DIRECTIONS
Below is a listing; write it out exactly and drop any images from it.

*** Begin section ***

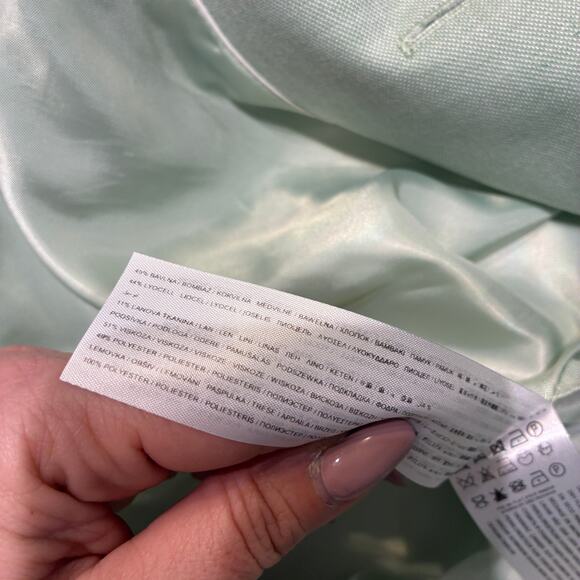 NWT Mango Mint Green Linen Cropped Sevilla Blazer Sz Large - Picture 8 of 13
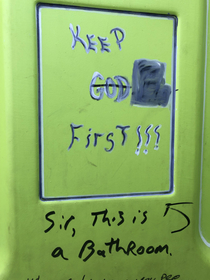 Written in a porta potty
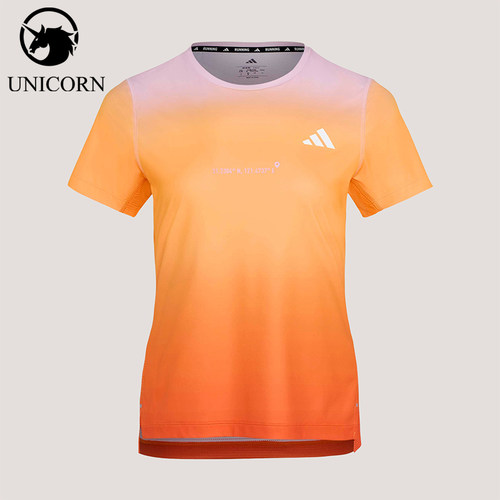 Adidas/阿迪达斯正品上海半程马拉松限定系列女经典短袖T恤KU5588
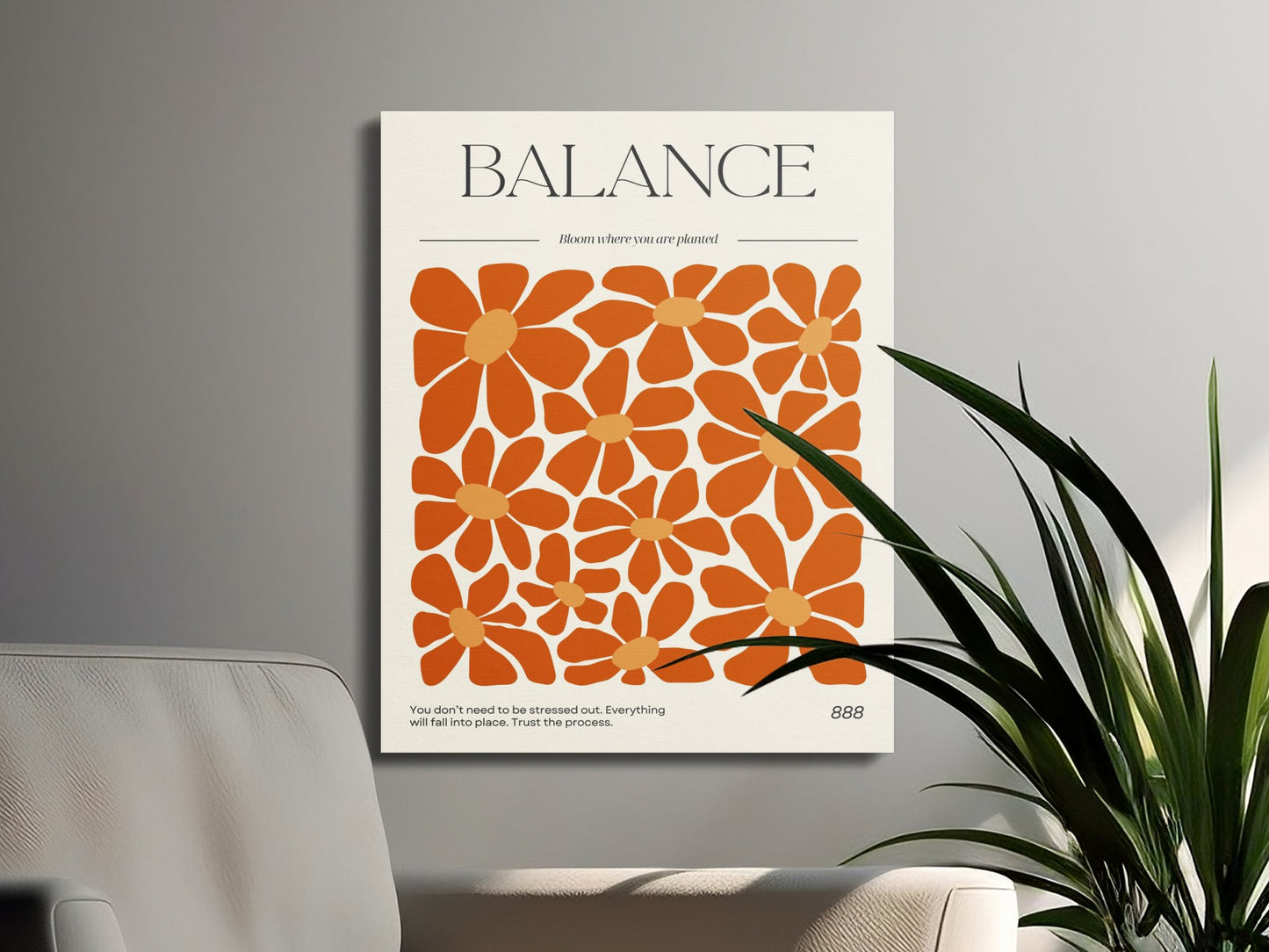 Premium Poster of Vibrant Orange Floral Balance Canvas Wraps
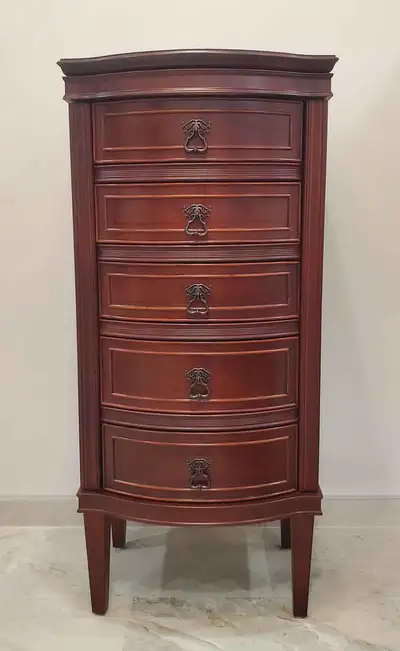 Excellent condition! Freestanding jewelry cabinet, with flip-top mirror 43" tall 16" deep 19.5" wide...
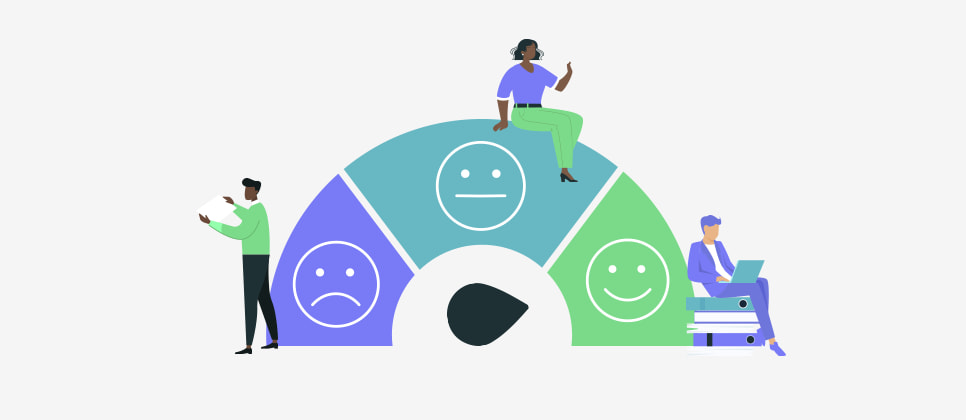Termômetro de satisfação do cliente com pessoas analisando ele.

*** End section ***

EXERCISE ANSWER
 NWT Mango Mint Green Linen Cropped Sevilla Blazer Sz Large - Picture 8 of 13
 Written in a porta potty
 Adidas/阿迪达斯正品上海半程马拉松限定系列女经典短袖T恤KU5588
 Premium Poster of Vibrant Orange Floral Balance Canvas Wraps
 Excellent condition! Freestanding jewelry cabinet, with flip-top mirror 43" tall 16" deep 19.5" wide...
Termômetro de satisfação do cliente com pessoas analisando ele.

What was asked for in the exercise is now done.